Now, let's introduce another one,

which is the so-called Bernoulli equation,

a first order differential equation of the form,

y prime plus pxy is equal to qx times y to the n,

n is a constant, okay?

Any real constant.

It's called the Bernoulli equation.

Here, I have shown n is not equal to 0 or 1,

and qx is not identical to 0.

Why? If otherwise, if n is equal to 0,

then it is like a y prime plus pxy is equal to q of x.

That's a linear equation.

If n is equal to 1, y prime plus pxy is equal to qxy.

That's, again, a linear equation, okay.

If qx is identical is 0, then it's simpler,

y prime plus pxy is equal to 0, right?

In all those cases,

the problem is a linear problem,

which we can handle easily so that we assume that n is not equal

to 0 or 1 or qx is not identically 0, okay?

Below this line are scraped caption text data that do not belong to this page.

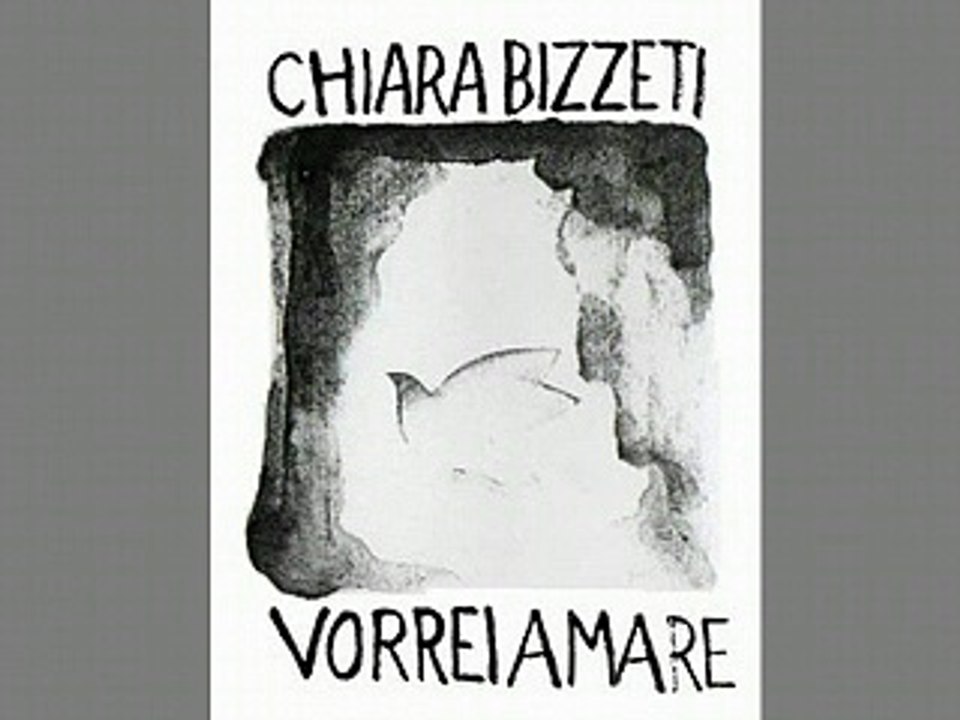 MARIA CHIARA BIZZETI - 11 - Inquietudini, 1990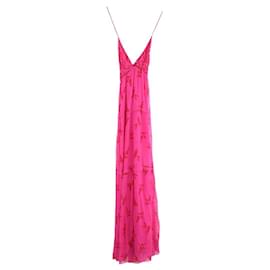 Bash Robe rose Rose
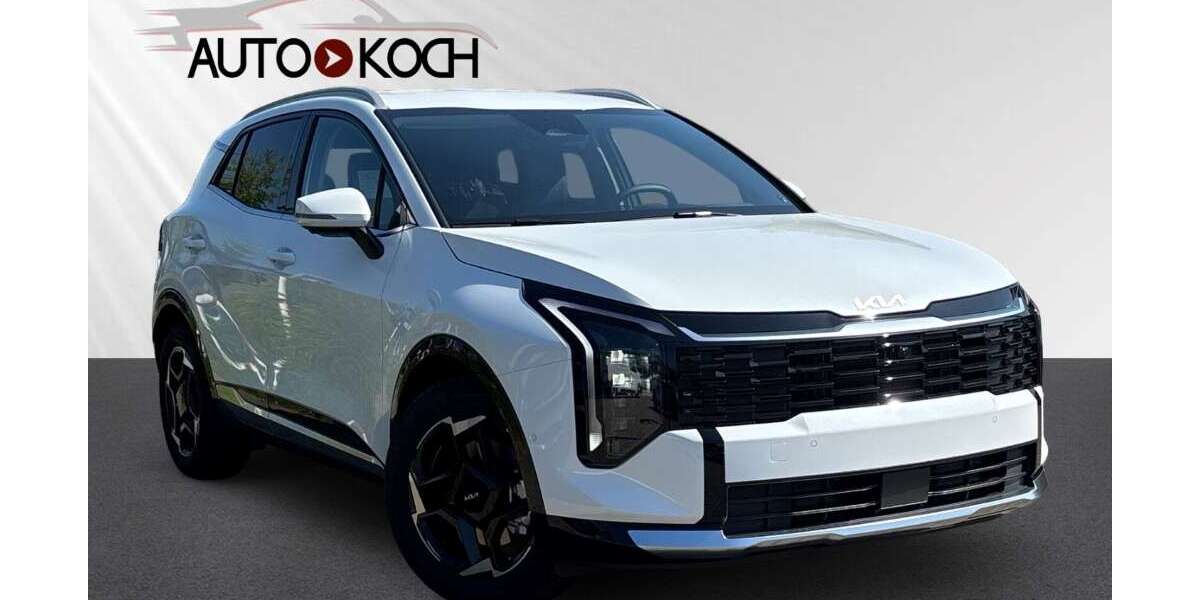 Kia Sportage 10.000 km 34.990 &euro; Eschweiler 52249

Note here that before giving the general solution of this Bernoulli equation,

okay, also have the following effect.

If n is any positive constant,

if n is any positive constant,

then y is equal to identically zero,

it's the trivial solution.

Can you see that? If this power is a strictly positive,

and if y is equal to identical is zero,

then right hand side is zero and left hand side is the zero, right?

So, the differential equation is trivially satisfied.

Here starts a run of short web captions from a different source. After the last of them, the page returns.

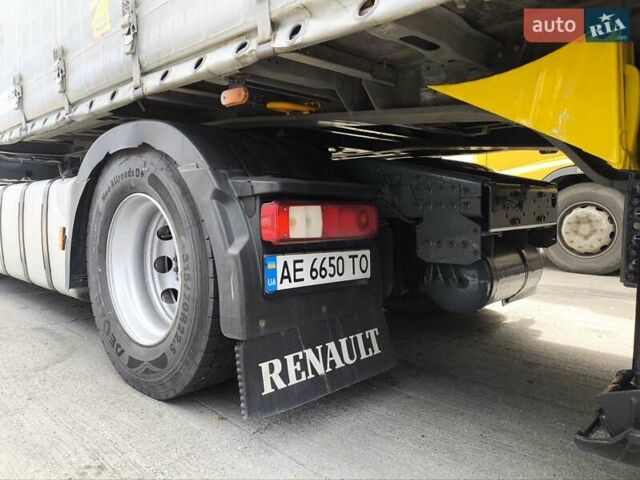 Білий Рено Магнум, об'ємом двигуна 12.9 л та пробігом 1 тис. км за 13500 $, фото 18 на Automoto.ua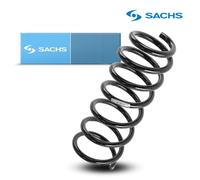 1x Originale Sachs Molla Posteriore Per Volvo XC70 Cross Country 295 2.4 2.5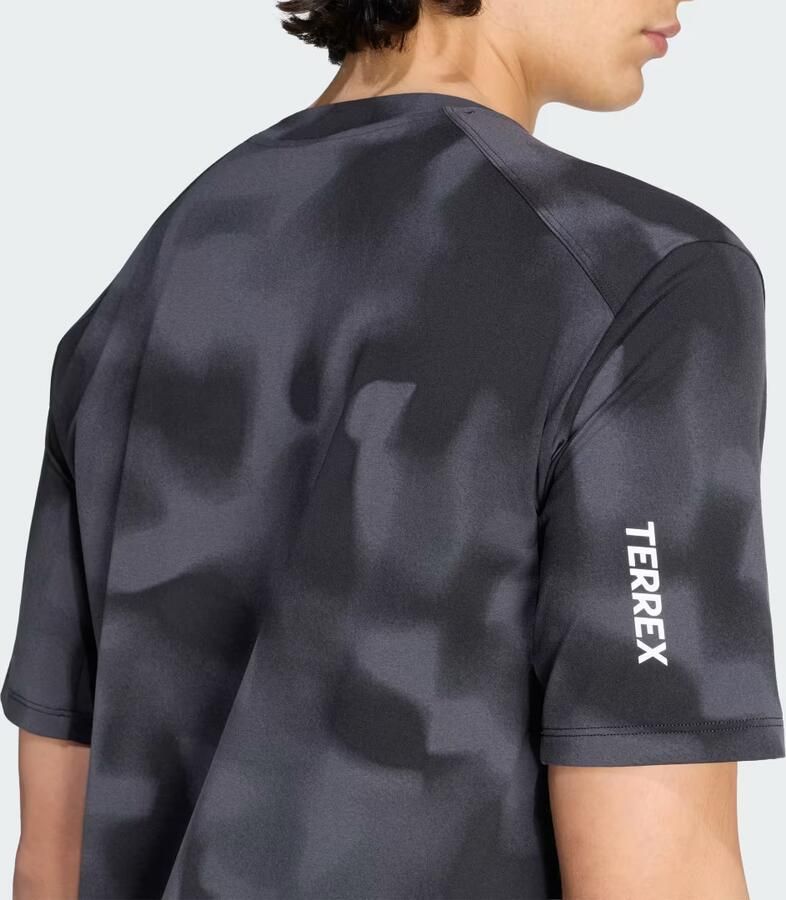 Adidas TERREX Multi CLIMACOOL Printed T-shirt - Foto 2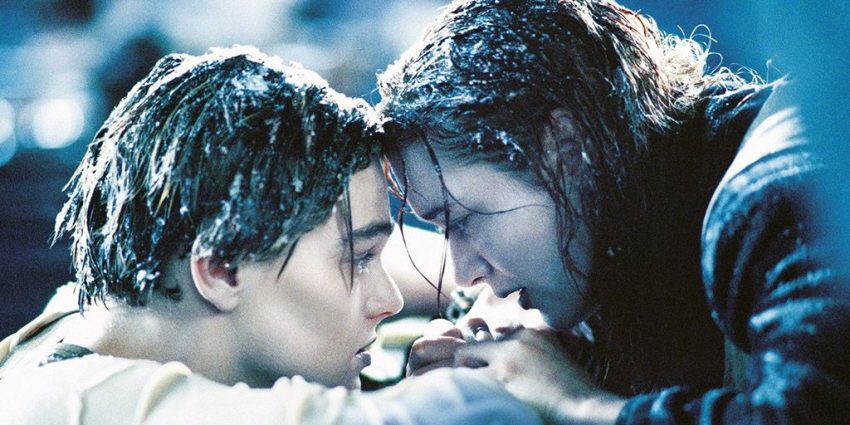 Havas romantikus filmek: Titanic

So, y is equal to 0, constant function.

This is the trivial solution, okay?

Now, let's look at this equation again, Bernoulli equation,

divide this equation, divide the both sides by y to the n,

then you are going to get,

y to the negative n y prime plus p

of x y to the 1 minus n and that is equal to q of x, right?

Divide through the divide of the given Bernoulli equation by y to the n,

then you are going to get this one, okay?

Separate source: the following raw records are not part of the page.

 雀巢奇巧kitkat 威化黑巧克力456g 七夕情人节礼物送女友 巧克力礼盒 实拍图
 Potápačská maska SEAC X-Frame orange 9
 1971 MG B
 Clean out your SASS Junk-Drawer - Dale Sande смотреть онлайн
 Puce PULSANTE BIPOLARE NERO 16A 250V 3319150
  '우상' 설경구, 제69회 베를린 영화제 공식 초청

Now set, u is equal to y to the 1 minus n, okay? My claim is that this is a substitution.

Transform this Bernoulli equation into a linear equation say,

u prime plus 1 minus n times pxu is equal to 1 minus n q of x,

which is a really linear force

to the differential equation for the unknown function u.

Why is it that? It's simple, right?

So, from this equation I set, u is equal to y to the 1 minus n, right?

What happened then? What is u prime?

u prime is equal to 1 minus n times Y to the negative n times y prime, okay?

Look at this part.

Look at this equation,

y to the negative ny prime. That is, 1 over 1 minus nu prime , right?

So, the left hand side,

it becomes 1 over 1 minus nu prime plus px,

times what is y to the n minus n?

That is u, and that is equal to q, right?

So multiply through by 1 minus n,

you are going to get

this linear force to the differential equation for the unknown u, right?

That is my claim, okay?

And be careful, here,

I'm dividing the equation through by 1 minus n, right?

Since I'm assuming that n is not equal to one,

1 minus n is never 0 so that we can safely divide this the question by 1 minus n, right?

That's another reason why I'm assuming that n is not equal to one, okay?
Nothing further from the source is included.